Grafton Mesa is the descent that ends at a ghost town. The upper trailhead sits on a mesa above Rockville, the trail drops 1,400 feet through rocky switchbacks and exposed traverses, and spits riders out at the cottonwoods of Grafton — the same Grafton where *Butch Cassidy and the Sundance Kid* shot the bicycle scene in 1969. Most riders self-shuttle with two vehicles, leaving one at the ghost town and driving the other up the Smithsonian-Bureau road to the rim.
The Grafton drop-in
The signature feature is the upper drop — a sequence of rocky switchbacks off the mesa rim where the trail tips over the edge and commits to the descent. Locals call it the Grafton drop-in, and it is the part of the trail that earns the black rating. It is rideable for strong intermediate-to-advanced riders, and walked by most everyone else. The exposure is real but not catastrophic; a slip means scrapes and a damaged front tire, not a long fall.

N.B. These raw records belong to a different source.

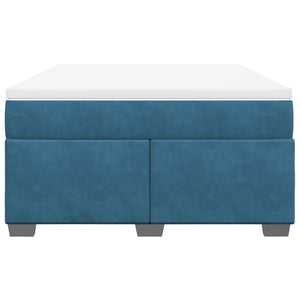 Κρεβάτι Boxspring με Στρώμα Σκούρο Μπλε 140x190 εκ. Βελούδινο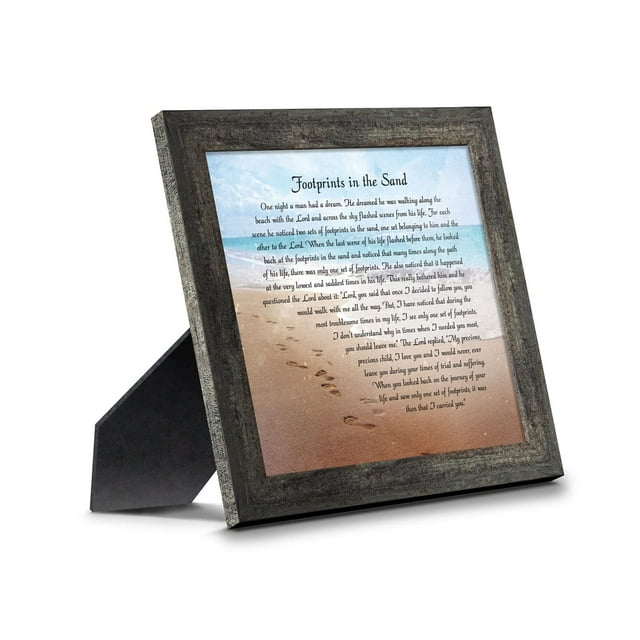 Cuadro mural Crossroads Home Decor con huellas en la arena, 25 x 25 cm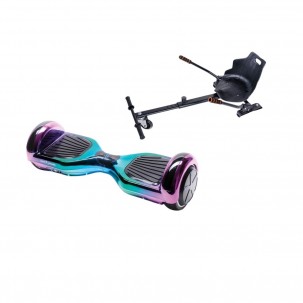 Set Hoverboard cu Scaun, Hoverkart Ergonomic, Boxe Bluetooth, Lumini LED si Auto Balans, roti 6.5'', 15km Autonomie, Putere 700W, Baterie 4Ah Samsung Cell, Smart Balance Regular Dakota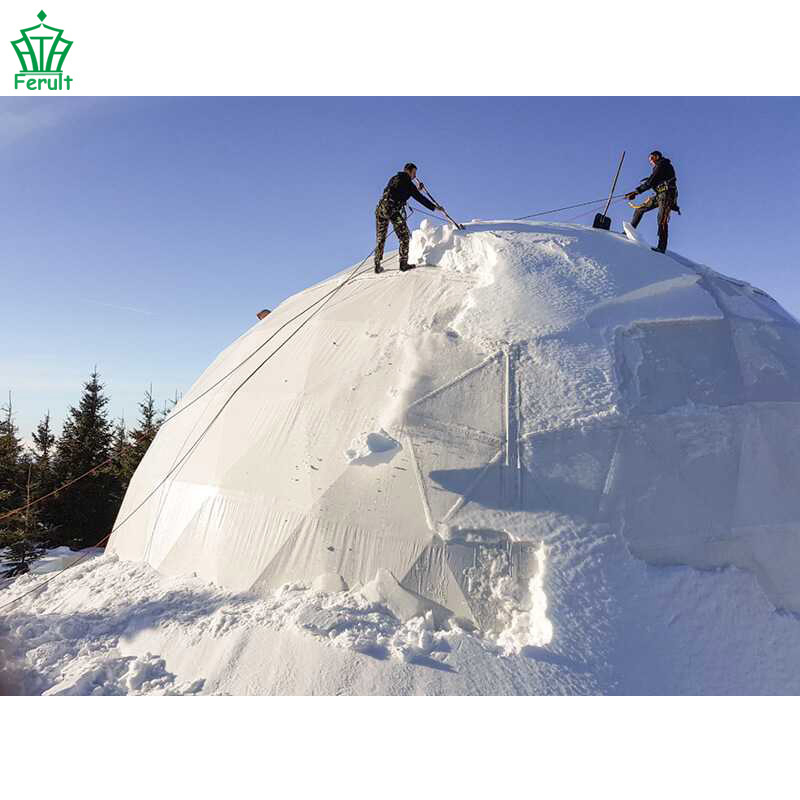 6m Insulation Layer Geodesic Dome Glamping Tent for Winter Camping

The cottonwoods at the bottom
The descent ends at the Grafton ghost town, which is one of the most photographed spots in southern Utah — a row of pioneer-era stone houses and a wood-frame schoolhouse against the red cliffs of the Vermilion-toned bench above the Virgin River. The cottonwoods that line the Smithsonian-Bureau access road are the ones in every Grafton photograph. Riders who finish the trail in good light often spend twenty minutes at the ghost town before driving the road back to Rockville.
What the shuttle costs in time
The Smithsonian-Bureau road from Rockville to the upper trailhead is a graded dirt road that takes about thirty minutes one way. The standard self-shuttle is to drive both vehicles up, ride the descent, then carpool back to retrieve the upper vehicle — about 90 minutes of vehicle time per ride. Over the Edge Sports in Hurricane occasionally runs Grafton shuttles for groups; call to confirm.

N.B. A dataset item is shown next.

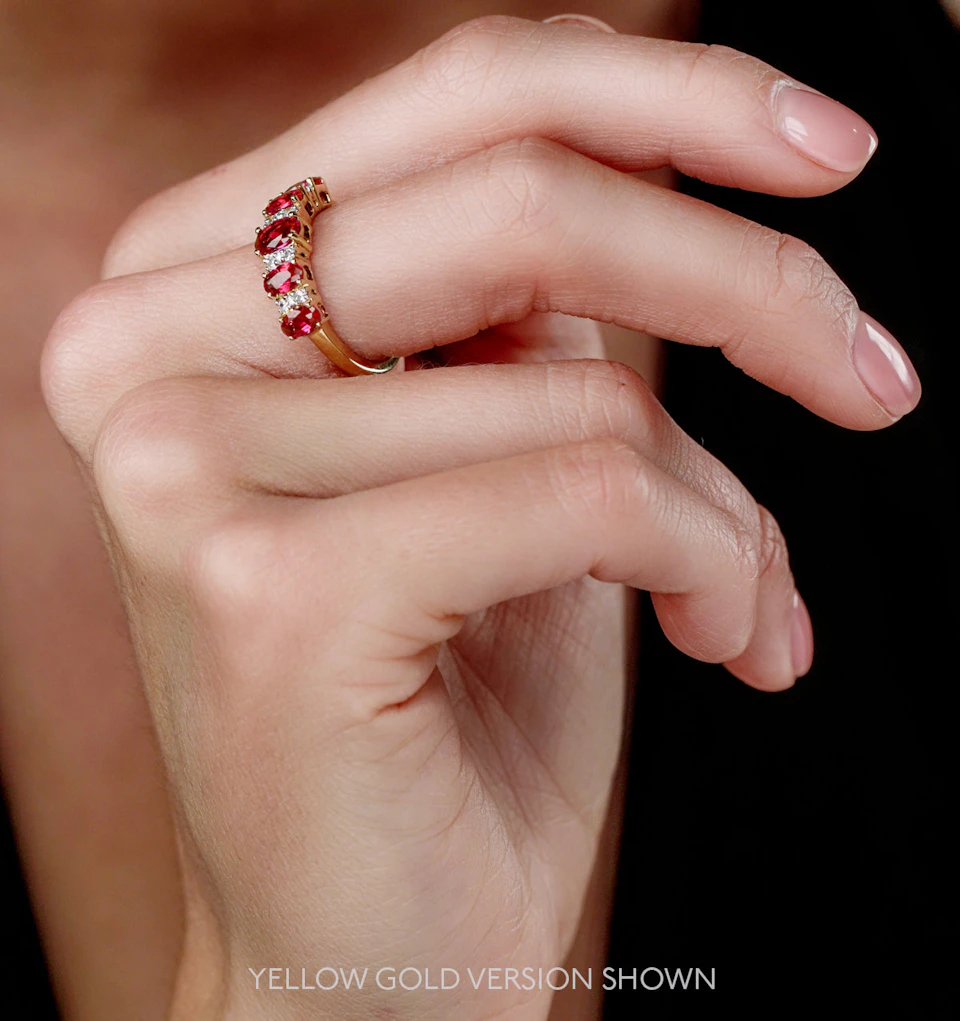 1.85ct Ruby and Lab Diamond Eternity Ring in 9K White Gold - Asteria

Where Grafton sits in the 435
Grafton Mesa is one of the few trails in Washington County where the historical setting is as much the destination as the trail. Riders end the day at a ghost town that pre-dates the Mormon settlement of St. George by only a few years, on a piece of BLM-protected ground inside a county more often known for its red-rock recreation than its pioneer history. The trail rewards riders who treat the descent and the ghost town as one continuous experience.